▸ YOUR ASSIGNMENT: Write out, please, each line from the one containing "negozio biciclette" to the final line of the data, both included, exactly and without pictures.

▸ DATASET SECTION:
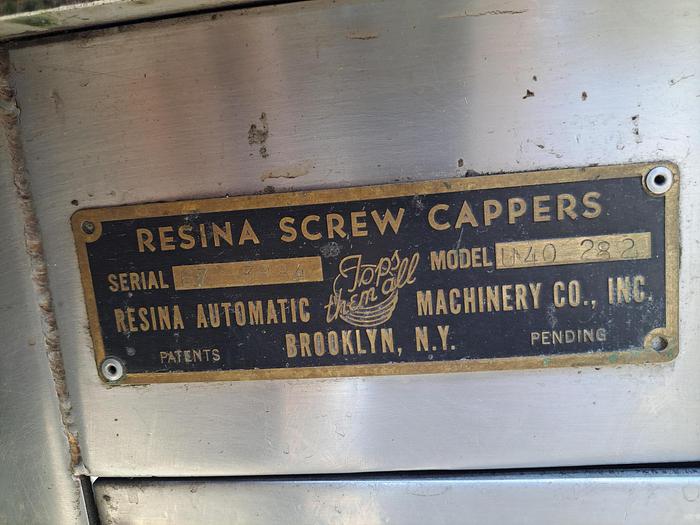 Used Capper, Resina, Model U40 282, Screw Capper, Cap Feeder #5991086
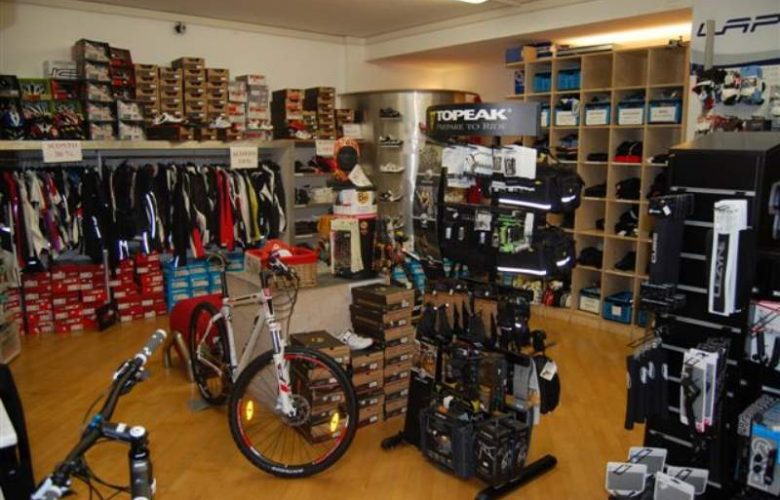 negozio biciclette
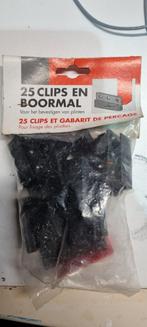 Clips en boormal voor plinten, ca 23 stuks, Ophalen of Verzenden, Nieuw, Kunststof, Plinten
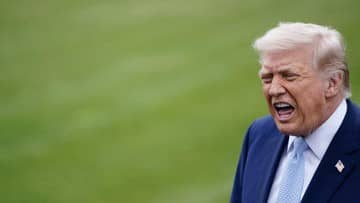 Trump Marah Besar saat Wawancara Terkait Manifesto Pelaku Penembakan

▸ TASK RESPONSE:
 negozio biciclette
 Clips en boormal voor plinten, ca 23 stuks, Ophalen of Verzenden, Nieuw, Kunststof, Plinten
 Trump Marah Besar saat Wawancara Terkait Manifesto Pelaku Penembakan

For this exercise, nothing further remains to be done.